The Canadian artist TRATE spreads Technicolor Malaise in London


The Canadian artist TRATE is showing his Technicolor Malaise collection in London in April. Technicolor Malaise is a collection of mostly large format oil-on-canvas works that will be shown in a pop-up solo exhibition in London from April 16-18 for a limited period. It consists of works that were carried out between 2017 and 2019.

The figurative works are inspired by an interplay of imagination and distilled experiences and explore changing states that define us as human beings – isolation, resistance, longing, sadness and hope. TRATE paints under a pseudonym that refers to the “features” he explores on his canvases. He doesn’t make any preparatory drawings. He prefers to stand in front of his canvas and paint intuitively and capture human sensations in deceptively simple and unconsciously produced forms. His bold aesthetic, which works with handcrafted colors enhanced by large amounts of walnut, safflower and linseed oil, is characterized by comprehensible brushstrokes, haunting facial features without depth of field and vivid backgrounds.

TRATE: Essential Consumption

Sometimes the works in Technicolor Malaise are poignant and dark, defined by distorted, abandoned faces, sometimes the works are whimsical and bright, and clearly conscious eyes invite the viewer to bask in a playground full of colors. Death’s Dream Kingdom (2019) (top of the page), for example, shows an enchanting, almost otherworldly figure whose self-obsessed gaze draws the viewer into the canvas. The steadfast eyes evoke a feeling of serenity, but the distorted torso creates an unsettling sense of imbalance. The name of the work refers to a line from The Hollow Men, the poem by TS Eliot after the First World War. Another work, Ethereal Consumption (2019), alludes to existential questions of human agency in the age of digital abundance. As with much of TRATE’s work, the work reveals only the subject’s head and torso. Wrapped in oppressive lines of darkness, the contested gender-specific figure stares defiantly at the viewer.

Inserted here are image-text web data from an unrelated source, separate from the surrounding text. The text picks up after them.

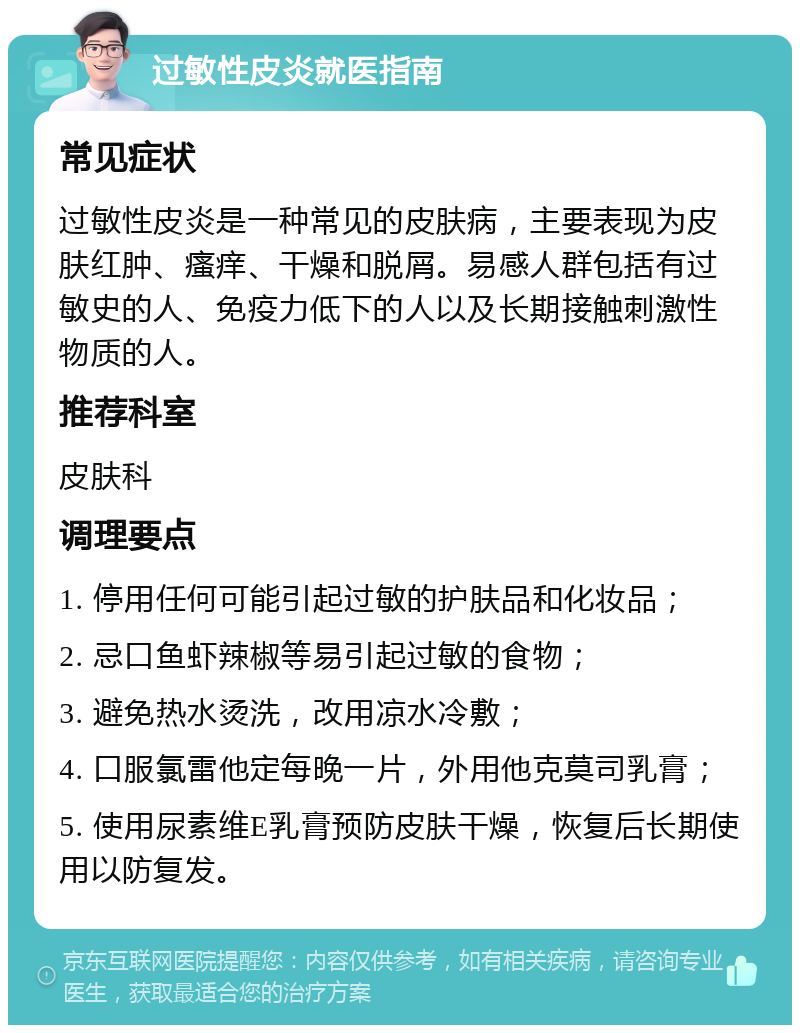 过敏性皮炎就医指南 常见症状 过敏性皮炎是一种常见的皮肤病，主要表现为皮肤红肿、瘙痒、干燥和脱屑。易感人群包括有过敏史的人、免疫力低下的人以及长期接触刺激性物质的人。 推荐科室 皮肤科 调理要点 1. 停用任何可能引起过敏的护肤品和化妆品； 2. 忌口鱼虾辣椒等易引起过敏的食物； 3. 避免热水烫洗，改用凉水冷敷； 4. 口服氯雷他定每晚一片，外用他克莫司乳膏； 5. 使用尿素维E乳膏预防皮肤干燥，恢复后长期使用以防复发。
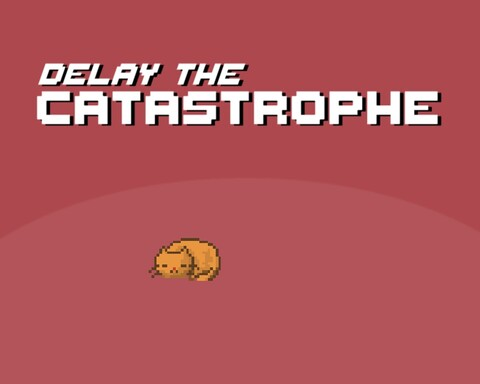 Delay the CATastrophe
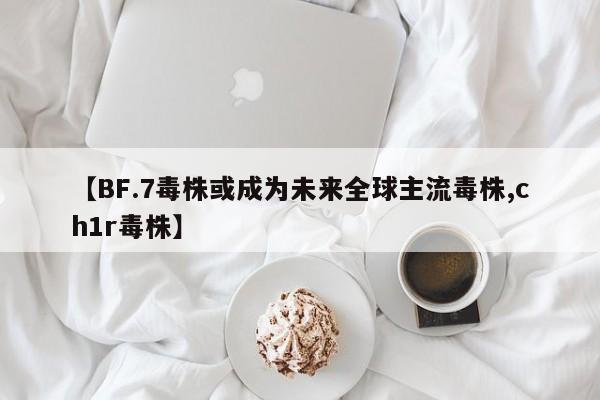 【BF.7毒株或成为未来全球主流毒株,ch1r毒株】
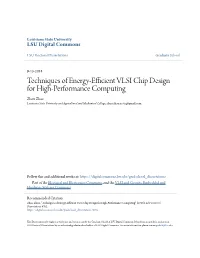 Techniques of Energy-Efficient VLSI Chip Design for High-Performance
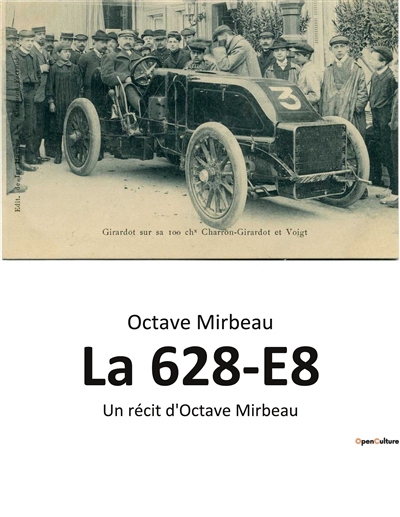 La 628-E8 : Un récit d'Octave Mirbeau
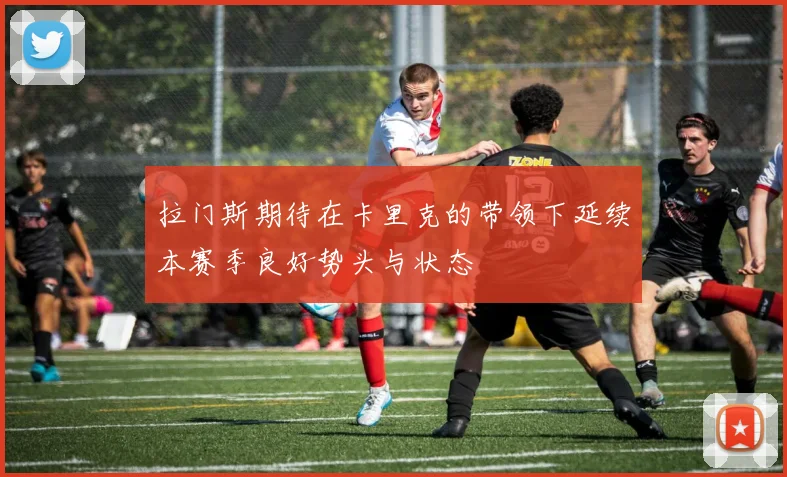 拉门斯期待在卡里克的带领下延续本赛季良好势头与状态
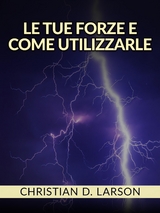 Le tue forze e come utilizzarle (tradotto) - CHRISTIAN D. LARSON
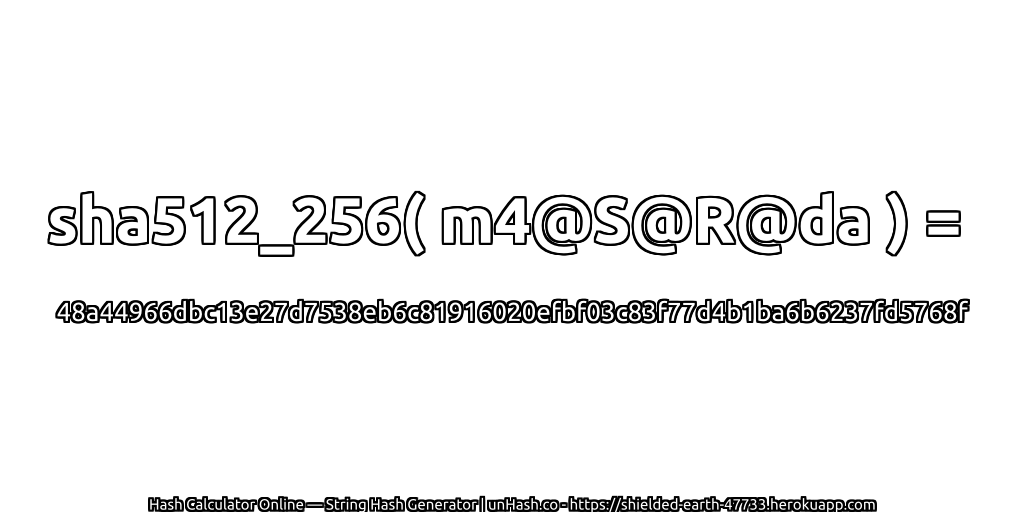 sha512_256( m4@S@R@da ) = 48a44966dbc13e27d7538eb6c81916020efbf03c83f77d4b1ba6b6237fd5768f | unHash.co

See also: London Art Fair reports on a confident market for modern art


“Why do I paint? An innate need. The physical mixing of oils, the layering of colors, the shaping and deforming of humanity all help to make the chaos of my feelings understandable. The canvases take on a life of their own. You show me things. I am obsessed with watching people’s characters get engraved into their physical form. from brooding shadows under the eyes darkened by sleepless nights to subtle contours that reveal the last fleeting traces of innocence. Physical characteristics are essential to my job. “

TRATE: The other

London based artist TRATE who now lives in London has led a fairly famous and nomadic life, during which he has traveled for many years and explored various pursuits. Ranging from tree planting in the rough, remote forests of northern Canada to multi-year humanitarian work with the United Nations in Mali to living in a farming community near the Swiss Alps and financial work in Buenos Aires, Mexico City and London. The vibrancy of these diverse experiences, distilled by his imagination, ultimately serves as the inspiration for the figurative work of TRATE. TRATE’s work is in private collections around the world, including Canada, Mexico, France, the United Arab Emirates, and the United Kingdom.